Agility is for products, not process
Good product leaders obviously need to understand agility in product development. They need to have enough practical experience to comprehend the concepts of unknown work, early validation, and ongoing iteration. Good product leaders build a culture of agility around the products. So it should go without saying, then, that in order for an Agile framework like Scrum to work effectively, it also needs good product leaders.
Unfortunately though, Scrum is no longer a framework for product people. What once was a simple structure to help product teams with agility, has been hijacked by project and process people. Scrum is now their way to justify a project management agenda. And having full-time process people – consulting and hanging around the office – gives them way too much time to conjure up unnecessarily complicated processes, making things less and less agile as they go. After all, that's what they feel their job is, and that's how we end up with monstrosities like "scaled agile" in the forms of SAFe or LeSS.
So sadly, despite it's original intentions toward agility, the Scrum framework has become something else entirely. It has become what Dave Thomas expressed, a framework for the people who don't actually do the work of product development.
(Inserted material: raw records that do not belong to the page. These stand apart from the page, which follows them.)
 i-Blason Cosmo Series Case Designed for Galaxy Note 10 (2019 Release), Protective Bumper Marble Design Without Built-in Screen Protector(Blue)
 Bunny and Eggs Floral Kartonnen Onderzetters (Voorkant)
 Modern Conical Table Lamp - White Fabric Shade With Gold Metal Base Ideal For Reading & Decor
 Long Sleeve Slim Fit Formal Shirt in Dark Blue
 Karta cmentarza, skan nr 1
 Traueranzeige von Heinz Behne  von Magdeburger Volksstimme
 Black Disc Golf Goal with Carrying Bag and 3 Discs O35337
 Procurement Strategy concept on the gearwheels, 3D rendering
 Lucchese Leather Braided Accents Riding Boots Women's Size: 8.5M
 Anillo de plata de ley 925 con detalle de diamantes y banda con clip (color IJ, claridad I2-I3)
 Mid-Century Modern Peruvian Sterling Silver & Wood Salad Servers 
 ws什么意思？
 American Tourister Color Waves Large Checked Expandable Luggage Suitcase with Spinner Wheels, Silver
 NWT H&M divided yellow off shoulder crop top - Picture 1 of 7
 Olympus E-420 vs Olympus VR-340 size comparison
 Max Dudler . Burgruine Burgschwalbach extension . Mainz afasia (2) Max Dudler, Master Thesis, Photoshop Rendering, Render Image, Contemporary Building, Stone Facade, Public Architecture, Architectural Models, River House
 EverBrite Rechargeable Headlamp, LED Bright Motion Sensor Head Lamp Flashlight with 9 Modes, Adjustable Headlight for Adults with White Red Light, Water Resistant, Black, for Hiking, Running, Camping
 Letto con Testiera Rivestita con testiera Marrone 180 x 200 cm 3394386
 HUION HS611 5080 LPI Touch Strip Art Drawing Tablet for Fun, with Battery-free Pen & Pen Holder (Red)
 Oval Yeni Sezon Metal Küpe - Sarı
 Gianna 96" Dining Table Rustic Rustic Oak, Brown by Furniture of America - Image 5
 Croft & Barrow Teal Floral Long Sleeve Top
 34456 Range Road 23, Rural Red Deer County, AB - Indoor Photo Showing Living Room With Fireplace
So what's the consequence of an Agile framework not being agile. Well, it's confusing, exhausting, and mind-numbing. Not exactly the words we want to describe our product culture. So rather than beating our heads against the Scrum wall, trying to explain to people that Agile isn't agile, it is so much easier to say, "We don't do Agile. We don't do Scrum. Join us and we will teach you how to work together, have fun, and create products customers love."
That feels good, doesn't it?
Our guiding principles
Our guiding principles are simple. They are mostly based on the original Agile Manifesto along with a few things we have learned through practical experience over the years.
We believe in these principles. They are ours. We live them. And as always, our goal as product creators — which we all are here at Corso – is to work together, have fun, and create products customers love.